LOS ANGELES, January 4, 2015 — It is rare that any event can parallel the start of the NFL playoffs, but football flags were at half-staff this weekend. At age 49, ESPN announcer Stuart Scott died from brain cancer.
While Scott was far deeper and insightful than his television persona, he was every bit as kind and genuine as what people saw. For sports fans, he will always be the too cool for school announcer we wanted to be.
St. Louis Rams wide receiver Isaac Bruce was an ordained minister who returned a kickoff all the way. Scott entertained the audience just as much as Bruce on that play. “Isaac Bruce is the minister. Can I get a witness from the congregation? It’s a touchdown!”
It was an honor for Scott to tell you that you were “as cool as the other side of the pillow.” That could absolutely describe Scott himself.
Then there were the various versions of players who stopped other players in their tracks. They were the “haters.”
“(Any number of players) trying to be a player. Meet (other player), player hater.”
He was “breaking out the hatorade.”
“Hater in the house.”
“Why you hating on me, dog?”
His signature catchphrase, “Boo-yah,” always came after a dramatic play.
Mr. Quarterback, meet Baltimore Ravens linebacker Peter Boulware. “Boulware? Boo-yeah!”
He was gently mocked in a Saturday Night Live skit so realistic that people could have confused Tim Meadows and Ray Romano with Stuart Scott and those around him.
As the host of SportsCenter, Stuart covered all sports. It was his brief stint with Chris Berman and Tom Jackson on NFL Primetime that endeared him to football fans forever.
Scott talked to newsmakers of all stripes. He even interviewed former President Bill Clinton about his television watching habits. Hillary likes to stay on one channel while Bill flips obsessively until she has had enough.
Stuart won the Jim Valvano award a few months before he died. He had the crowd near tears at the ESPYs as he vowed to keep fighting.

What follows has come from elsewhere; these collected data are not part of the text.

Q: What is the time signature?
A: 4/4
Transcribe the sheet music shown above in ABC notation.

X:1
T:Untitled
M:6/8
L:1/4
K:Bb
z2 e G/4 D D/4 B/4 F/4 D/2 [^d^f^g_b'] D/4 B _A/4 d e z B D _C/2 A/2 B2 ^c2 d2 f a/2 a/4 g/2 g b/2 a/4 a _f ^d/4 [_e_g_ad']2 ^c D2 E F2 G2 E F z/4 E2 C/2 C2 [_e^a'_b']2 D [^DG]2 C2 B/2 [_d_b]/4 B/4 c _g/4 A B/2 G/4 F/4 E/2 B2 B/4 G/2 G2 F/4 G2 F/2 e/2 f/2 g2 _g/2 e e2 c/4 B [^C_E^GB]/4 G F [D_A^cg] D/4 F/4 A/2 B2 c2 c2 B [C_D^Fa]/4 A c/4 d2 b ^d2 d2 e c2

At his best, Scott offered humor in the most ordinary situations. Even a typical interception could be fun.
“He completes the pass to the defensive back. Problem: He’s on the other team.”
If John Facenda was the voice of God, then Stuart Scott was the lord’s hip young announcer cousin.
Scott made frequent television and movie cameos, usually as himself. He was in the Adam Sandler remake of the Burt Reynolds football movie, “The Longest Yard,” as well as the television miniseries, “Black to the Future.”
Scott was a rock star in the sports world who was also a man of the people At the 2006 Pro Bowl in Hawaii, everybody else was dressed in Hawaiian shirts. Scott stood on the field in a three-piece suit and tie, dressed to the nines. Fans took delight as he came by the front row of seats and handed out “fist-bumps.”
He was a husband, father, friend, and respected professional.
To his legions of fans, he was simply the best. Sports are games. They are entertainment. They are meant to be fun. He brought the fun, night after night, year after year.
Scott is now in sports heaven. On earth, he will be remembered forever.
Farewell, Stuart Scott. You are gone, but never forgotten. Can I get a witness from the congregation? Amen.